Soviet legacy cast in stone

The key Soviet revolutionary who led Russia into a 70-year affair with communism, Vladimir Lenin, will be among the most important exhibits of a new museum inspired by totalitarian legacy to be opened in the former communist state of Bulgaria.

­Lenin will enjoy the company of one of the worst dictators in history, Joseph Stalin, and their statues could serve as a “welcoming committee” saluting visitors at the front of the museum.

The display in a Sofia suburb promises to feature over 100 historic works which used to be buried at warehouses for good, as many thought, but are now revealed again.

It has reportedly cost the government over $2 million to create the Museum of Socialist Art, which is scheduled to open its doors on September.

The selection of works captures images of the “working class” as well as various communist leaders cast in bronze or in oil, in various emotional states and stages of their life, but often manifesting ideological solidarity and joy with their neighbors, as was the case with Bulgaria and the Soviet Union.

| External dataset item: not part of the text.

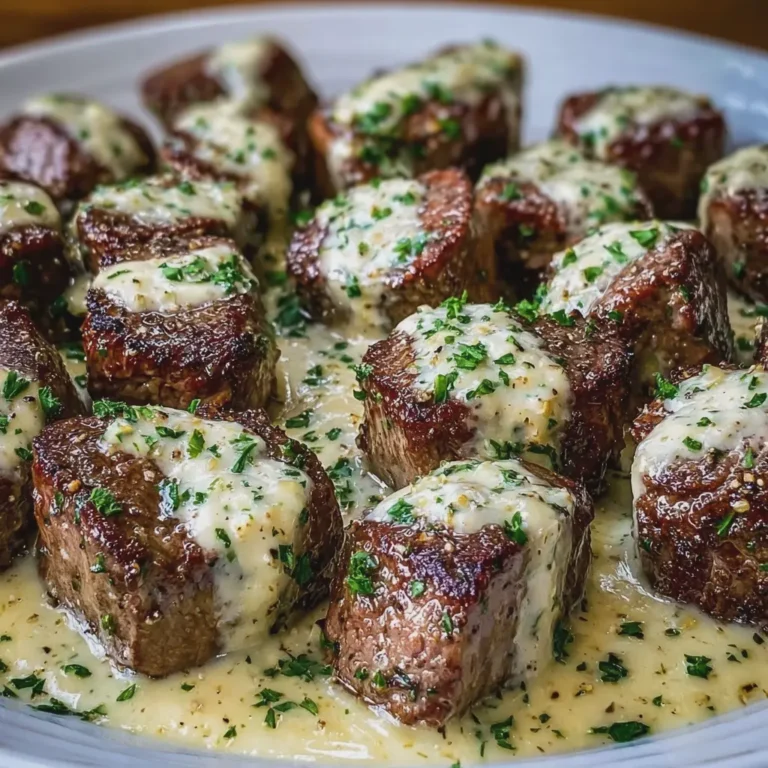 Garlic Butter Steak Bites with Parmesan Cream Sauce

The controversial display has given rise to “eternal debate” over whether similar museums functioning in a number of other former communist countries, like Hungary or Czech Republic, inform younger generations of the dreadful past of their grandparents, or rather induce a feeling of nostalgia and even empathy with dictators and their regimes.

For instance, a recent survey by the leading Russian pollster, the Levada Center, has shown that 45 per cent of Russians believe that Stalin played a “positive role” in history, with only 35 per cent left to disagree.

If, after the collapse of the Soviet Union, numerous monuments to Soviet leaders went to be demolished in Russia and overseas, with a breath of collective relief, the current social “trend” often sees monuments to Stalin and Lenin brought back to life and re-erected.